### What you will do
The material below includes pictures; leave them out and return only the lines between the line containing "Golden Fancy Chappal For Women FN0793" and the line containing "SharedSights's tweet image.", inclusive, word for word.

### Provided records ###

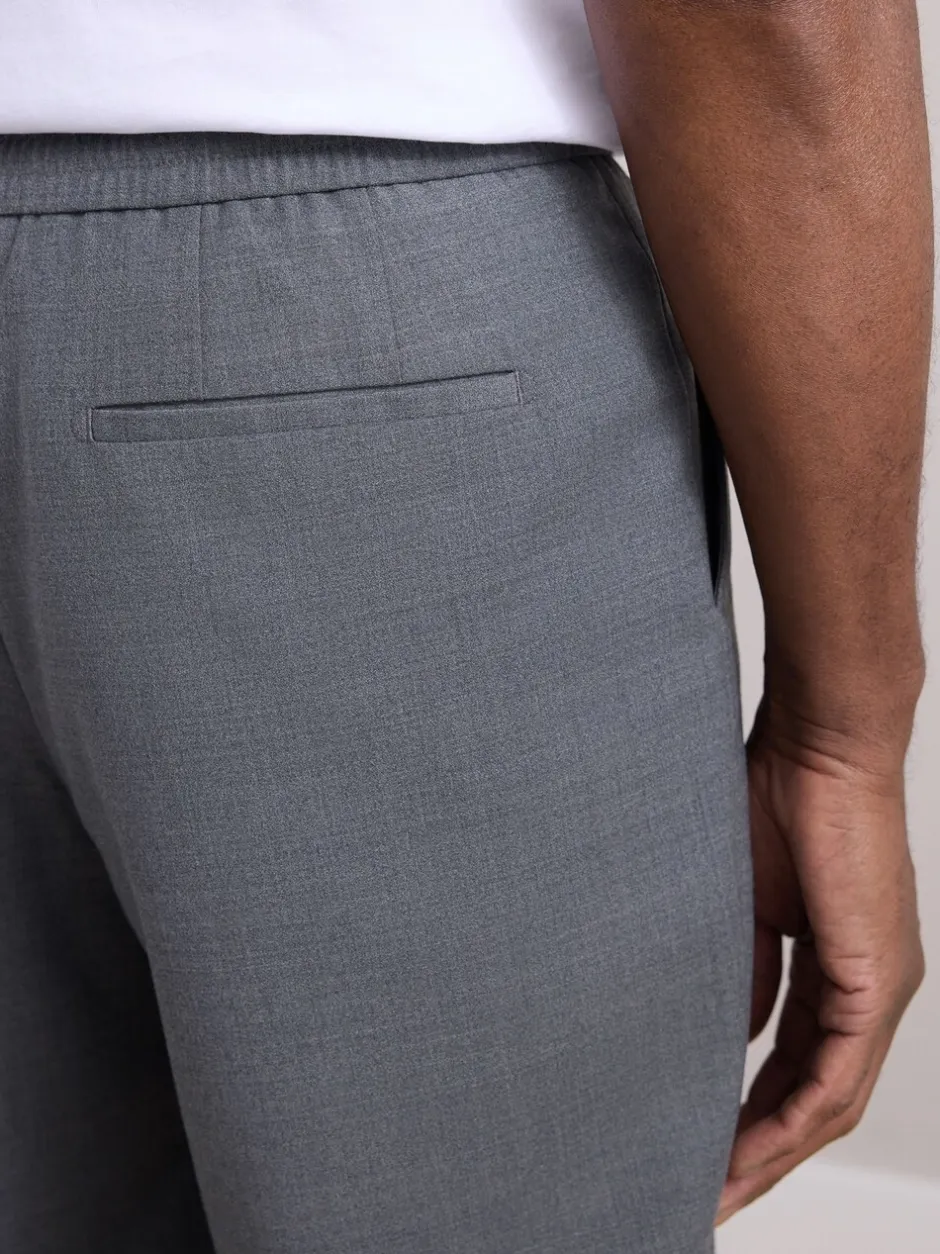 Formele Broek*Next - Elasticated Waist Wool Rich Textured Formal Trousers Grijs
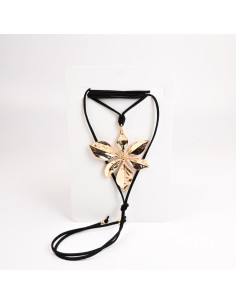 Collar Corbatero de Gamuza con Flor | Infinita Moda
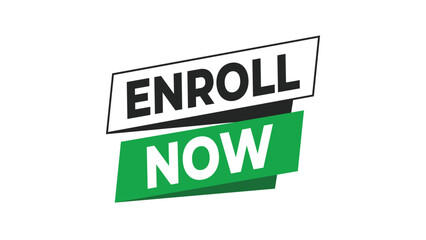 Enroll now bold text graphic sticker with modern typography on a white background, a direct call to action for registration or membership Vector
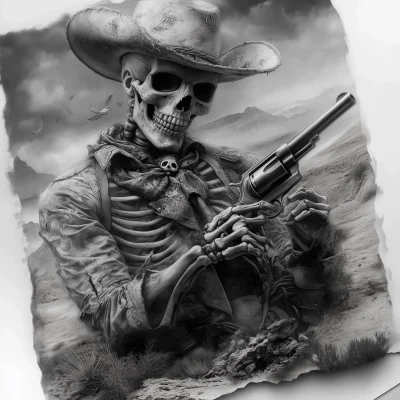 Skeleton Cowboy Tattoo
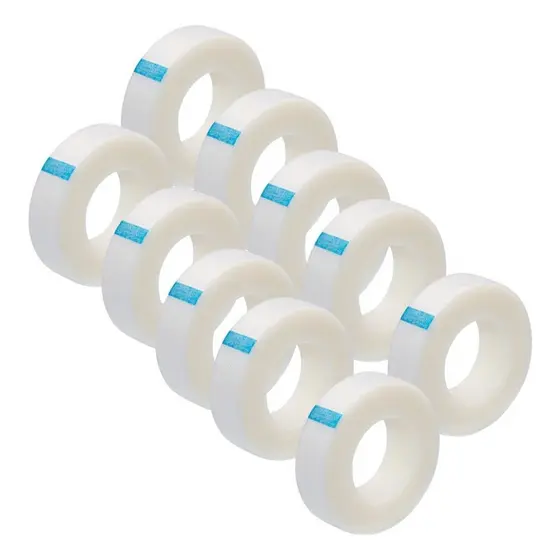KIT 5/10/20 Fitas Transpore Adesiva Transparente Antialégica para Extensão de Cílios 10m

###
### Provided records ###

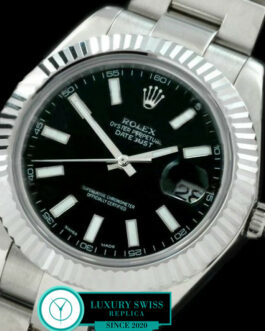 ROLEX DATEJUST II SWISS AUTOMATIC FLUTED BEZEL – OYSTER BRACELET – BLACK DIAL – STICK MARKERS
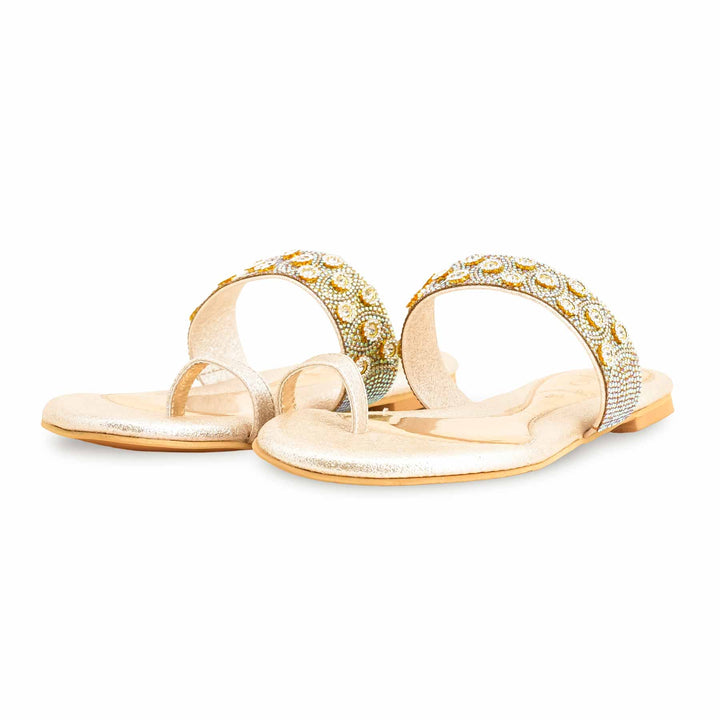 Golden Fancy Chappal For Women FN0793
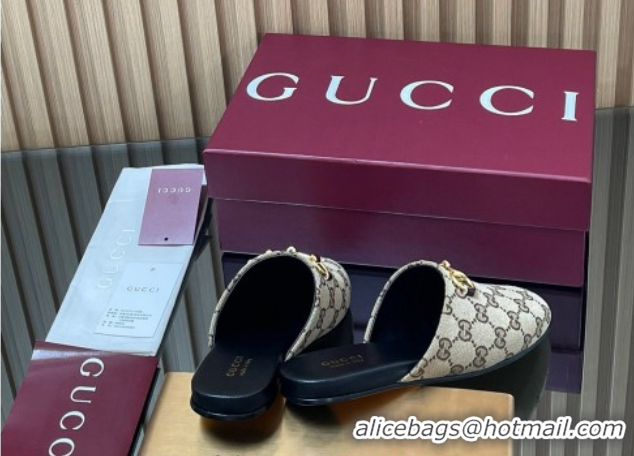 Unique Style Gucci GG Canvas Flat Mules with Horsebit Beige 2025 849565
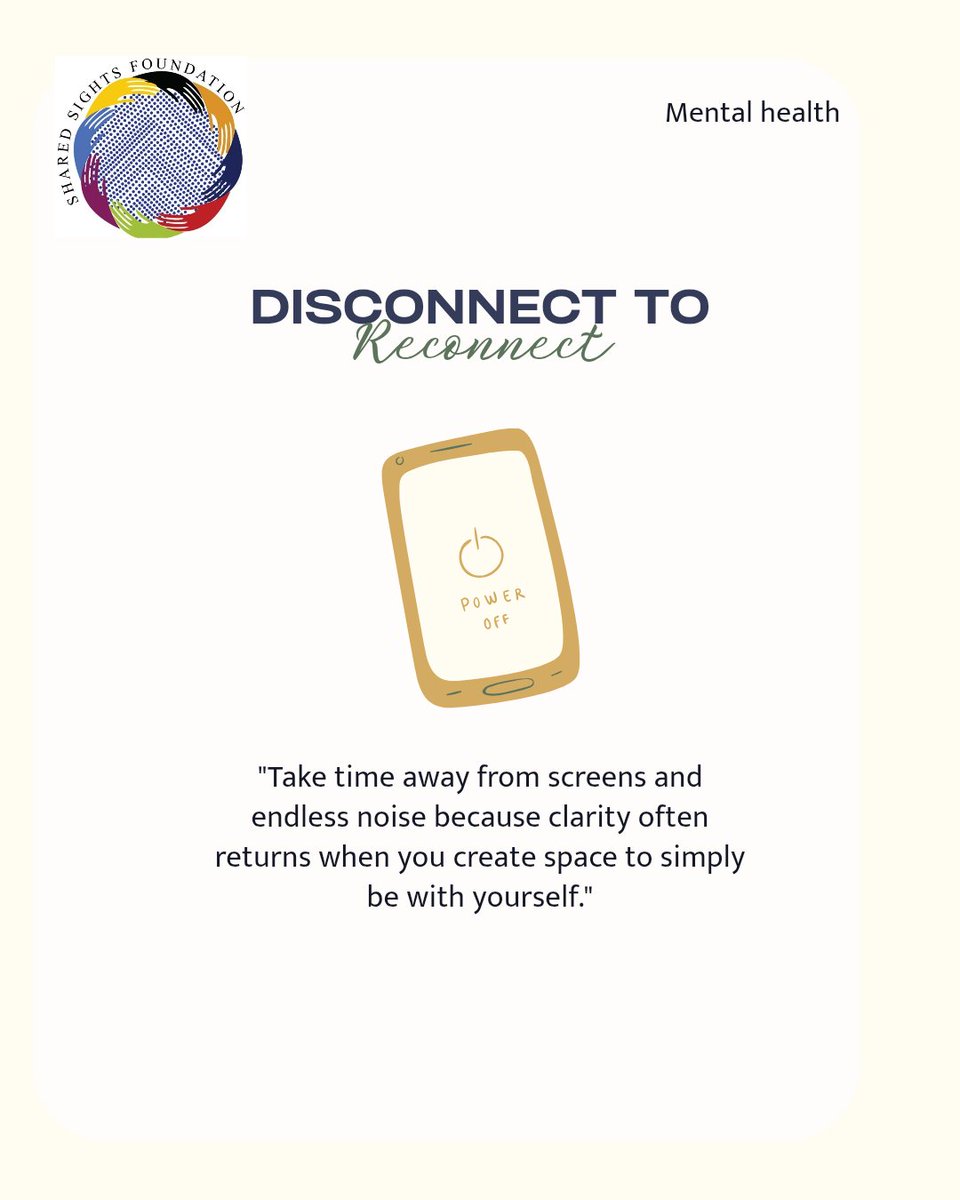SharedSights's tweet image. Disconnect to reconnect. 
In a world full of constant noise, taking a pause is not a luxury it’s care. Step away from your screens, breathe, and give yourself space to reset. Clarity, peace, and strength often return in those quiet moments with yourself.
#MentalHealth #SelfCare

###

### Task output
 Golden Fancy Chappal For Women FN0793
 Unique Style Gucci GG Canvas Flat Mules with Horsebit Beige 2025 849565
SharedSights's tweet image. Disconnect to reconnect. 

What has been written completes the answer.